Ian Platts – Editor, World Generic Markets

Friday, April 9, 2010

AstraZeneca enters generics agreement with Torrent Pharmaceuticals

AstraZeneca has announced that it has entered into a licence and supply agreement with India's Torrent Pharmaceuticals. The firm has been vague on details, but said that the agreement would cover 18 products in nine countries, with the option to expand the agreement to cover more products and more countries. The countries are described as being emerging markets, which AstraZeneca believes will contribute around 70% of pharmaceutical industry growth in the next five years. The firm added that branded generics in these markets account for around 50% by value. The agreement will see Torrent manufacture and supply a portfolio of generics to AstraZeneca for which Torrent already has licences.
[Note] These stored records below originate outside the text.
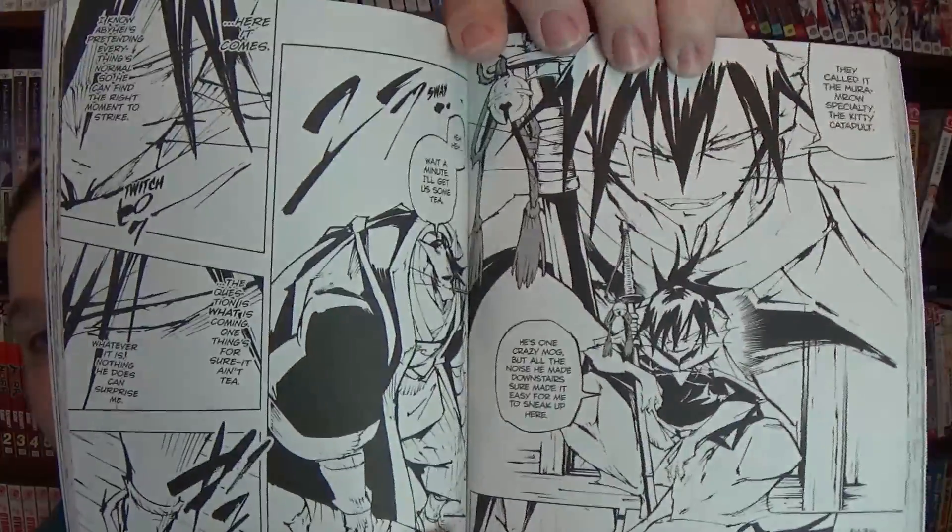This one is also the final volume — Nekogahara: Stray Cat Samurai by Hiroyuki Takei, volume 5. I bought volumes 4 and 5, so I should have the entire series now. The art in it is really fantastic. Takei has a really great style — very quick, very sketchy, very sharp. I think it's going to be a really unique read.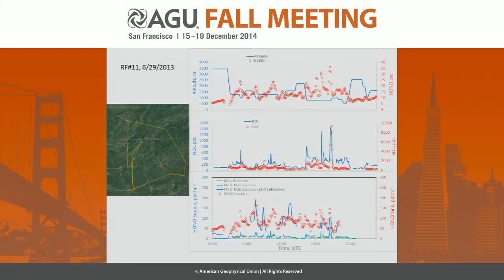This is research flight number 11, where we flew around and passed through different emission areas. These are two power plants here, this is Birmingham, so there are some urban emissions here and power plant emissions here. The power plant and urban emissions are indicated by the N2O5 and NO2 time series.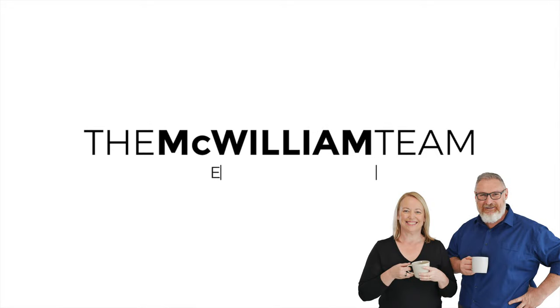Here are some ideas to help you prepare for an open home. Hi, I'm Mari McWilliam and I'm an Adelaide Real Estate Agent. In these videos I like to share hints and tips on how to make the process of buying and selling successful and enjoyable.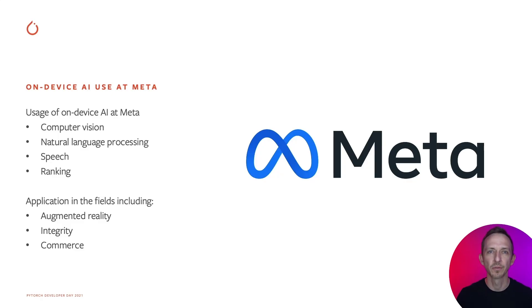But first, what is on-device AI used for at Meta? Our usage covers a wide range of fields from computer vision to language, speech, and ranking. The application domains also vary from augmented reality to integrity and commerce, to name a few. We have new teams showing interest in deploying AI on-device every day in new exciting fields. Now let's look at how far we've taken some of these deployments.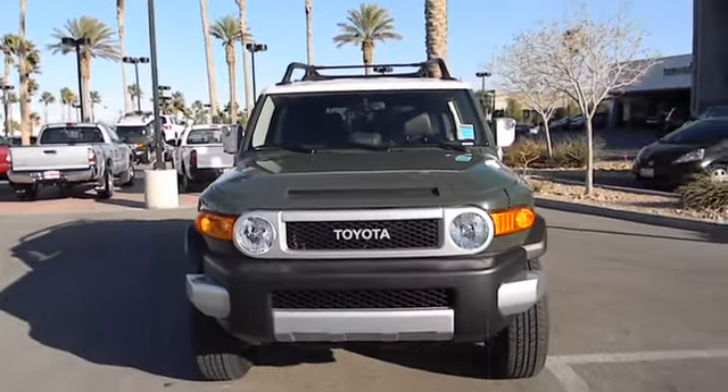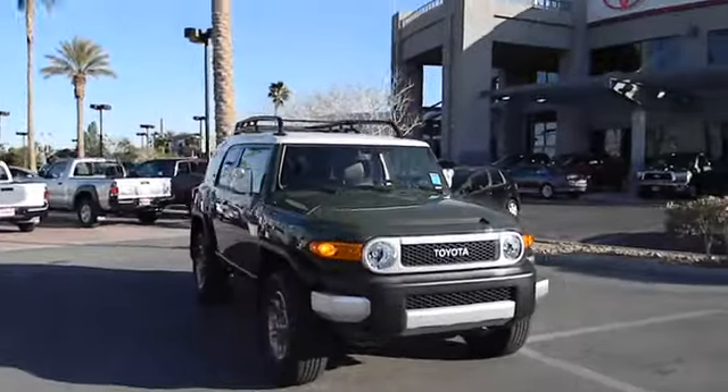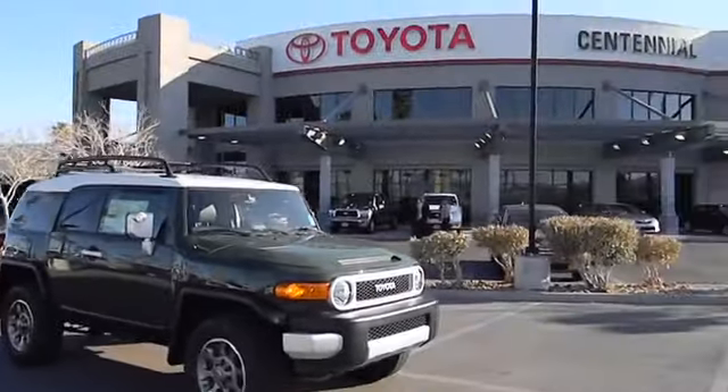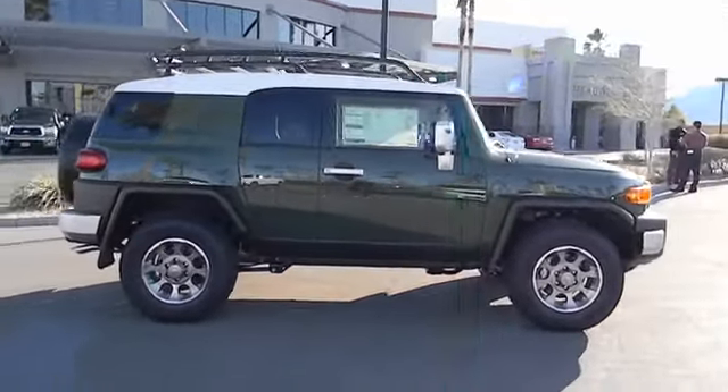The 2013 Toyota FJ Cruiser. It's rugged and sleek and stylish in an unimposing way, and is priced below $35,000. This vehicle has less than 100 miles.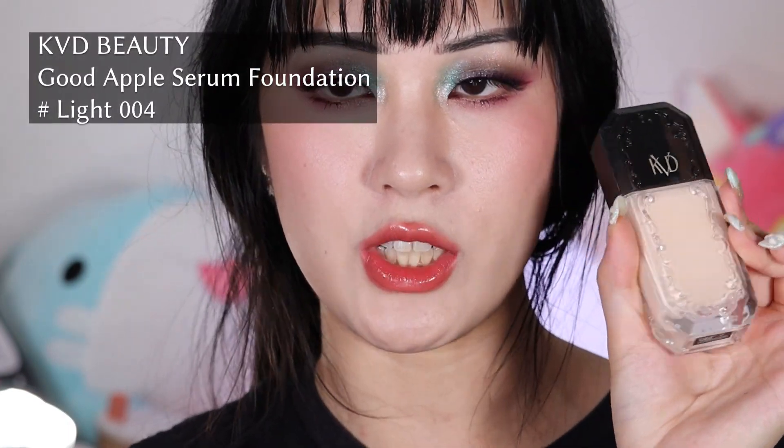Moving on to foundations — I'm going to go over the one I like the most first, which is the KVD Good Apple Serum Foundation. As you can see, Light 004 is my undertone but not my shade. If I go any deeper, the undertones don't fit me at all and it makes me look super ashy or orange. So Light 004 it is — I just use a lot more contour than normal. This foundation is weird because it was marketed as normal to oily, but it's actually really great on my skin as long as I use a hydrating primer underneath — my favorite being the Dominique Cosmetics primer.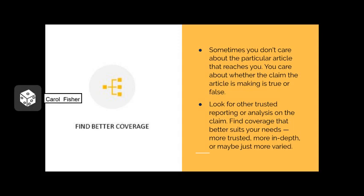Find better coverage is the next step in the SIFT process. Sometimes you don't care about the particular article that reaches you — you care about whether the claim the article is making is true or false. Look for other trusted reporting or analysis of the claim. Find better coverage that better suits your needs, whether that's more trusted, more in-depth, or just more varied. It's also important to note that better coverage looks different depending on what you're looking for. Trusted reporting looks different depending on what you're researching, so keep those nuances in mind during your information search.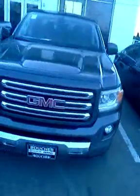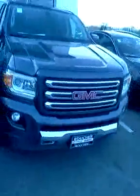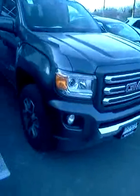Back window. Going from the front, this has the all-terrain package as well. Has a nice GMC grille. You have fog lights as well. A little bit of chrome accent there.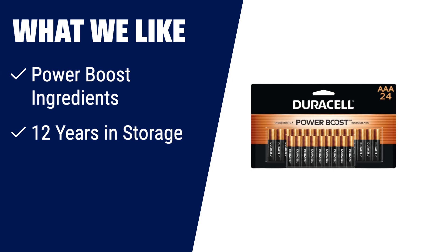What we like? If you need long-lasting performance in your devices, you should consider this. With Duracell Copper Top AAA batteries formulated with Power Boost ingredients, you can trust that they will deliver lasting power. Plus, they guarantee 12 years of storage life, so you can be confident they will be ready when you need them. These batteries are perfect for powering everyday devices throughout your home.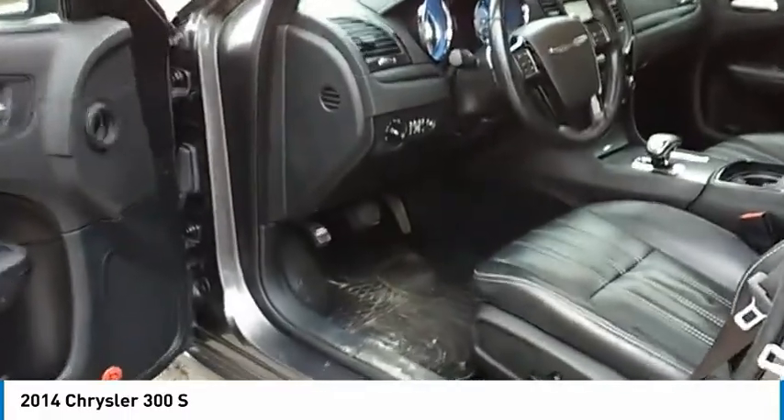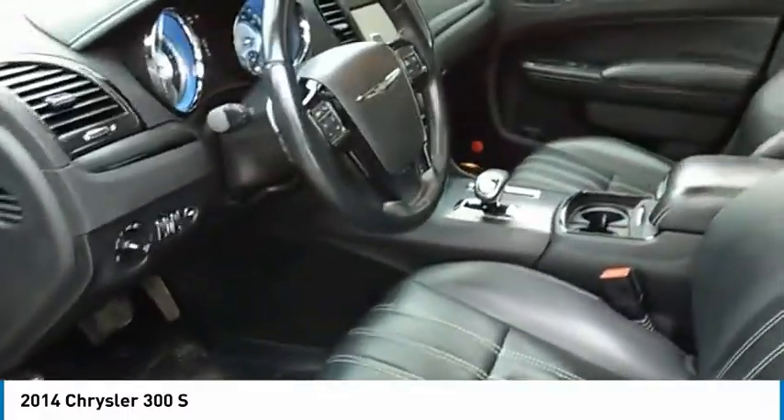Take this vehicle for a spin and see why so many shoppers are now proud owners.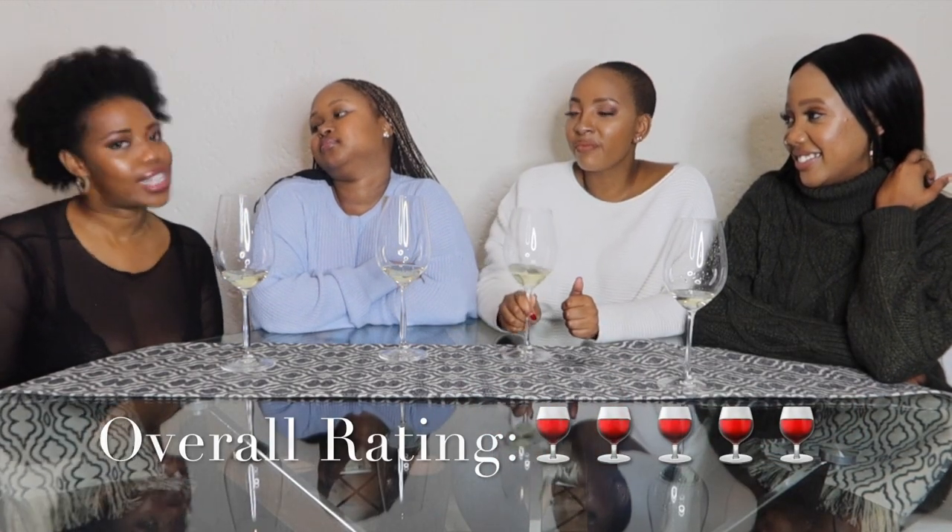Rating time — no hate, no shade. I'm giving this four glasses out of ten. Five glasses out of ten from me. Same — five glasses out of ten. And as the certified Sauvignon Blanc drinker of these four lady gals, I think I can give it six glasses out of ten.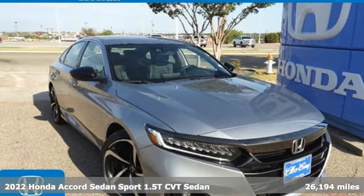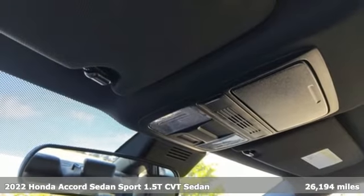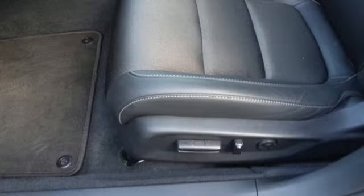It's a certified 2022 Honda Accord sedan. Year after year, the Accord is showered with awards and praise. Take a look and it's easy to see why. Drive it and you'll know why.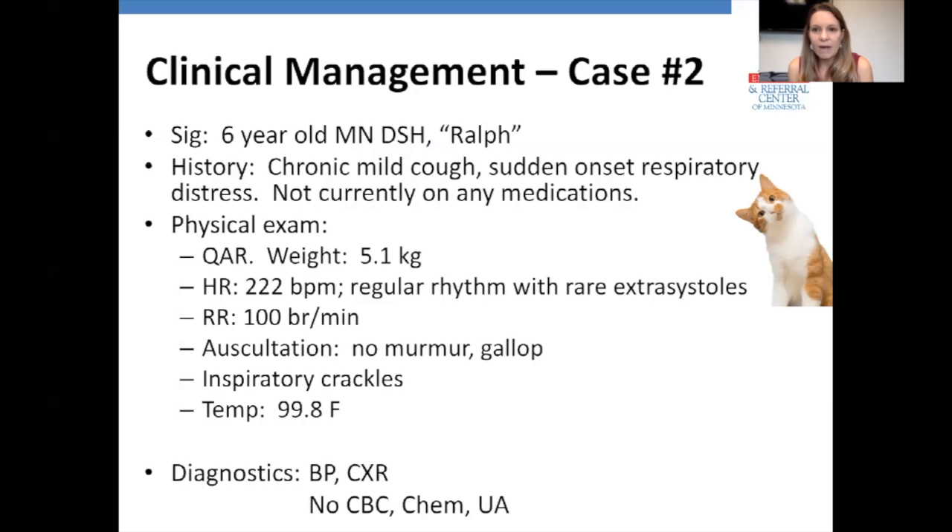Now we're going to talk about clinical management of a feline patient named Ralph — a 6-year-old male neutered domestic shorthair.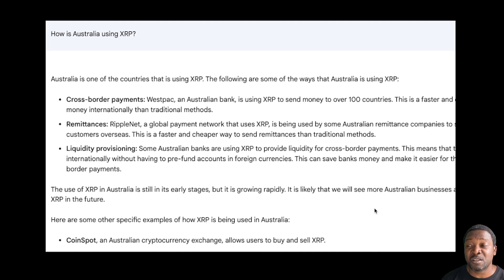The use of XRP in Australia is still in very early stages, but it's growing rapidly. It is likely that we will see more Australian businesses and institutions adopt XRP in the future.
Exactly which countries AstraZeneca is referring to as emerging markets is open to debate, but Torrent claims a presence in a number of markets around the world. Included in these are African operations, including Zimbabwe, Kenya, Uganda, Nigeria, Ghana and South Africa. The firm claims it has 355 product registrations covering 14 countries in Africa, where it has seen revenues double since 1999/2000. Torrent also has made inroads into the Middle East, entering an agreement with a local producer in Saudi Arabia, and gaining approvals in Kuwait, Oman and Libya. The firm also has an eye on other markets in the Middle East, including Egypt, Syria and Jordan. Operations in Asia include a presence in Sri Lanka, Vietnam, Burma and the Philippines. Torrent also has a subsidiary in Brazil. Clearly, Torrent has developed a strategy of establishing commercial operations in the parts of the world that can be considered as emerging markets, which AstraZeneca will be well placed to exploit.

In making this agreement with Torrent, AstraZeneca is following in the footsteps of other large multinational innovator companies. Most notable in recent months has been Pfizer, which has entered into a series of agreements with Indian generic firms, similarly to AstraZeneca's tie-up with Torrent. Pfizer's agreements are the result of something of a change of heart for the firm, which until recently has been staunchly anti-generic in its outlook, despite the generally down-played existence of its Greenstone subsidiary, which produces generics. The firm has developed an Established Products Business Unit, specifically set up to exploit the international demand for generics; the shift in Pfizer's thinking perhaps underscoring the financial difficulties being faced by large innovator firms during globally economically constrained times.

Perhaps this is also the basis for AstraZeneca's similar change of heart. AstraZeneca has a stated aim to increase its penetration of emerging markets, although this is not specifically through generics. As with Pfizer, AstraZeneca's relationship with the generic industry has been somewhat fraught up until now. The firm's bitterly-fought battle to keep generic omeprazole off the global markets for as long as possible at the turn of the current century was something of a case study in aggressive legal tactics and market manipulation, and AstraZeneca was able to stave off the inevitable, and prolong its monopoly on the drug for some time past the expiration of the basic patents. The firm has not had a generics subsidiary, but has often reached settlements with generic firms in patent challenges, and in recent years has also fought generic competition by entering into authorised generic agreements, taking advantage of an issue that has split the generics industry in the United States. This latest agreement, linking the firm with a generic manufacturer, coupled with Pfizer's similar recent moves, perhaps reveals a sea-change in outlook for the branded industry.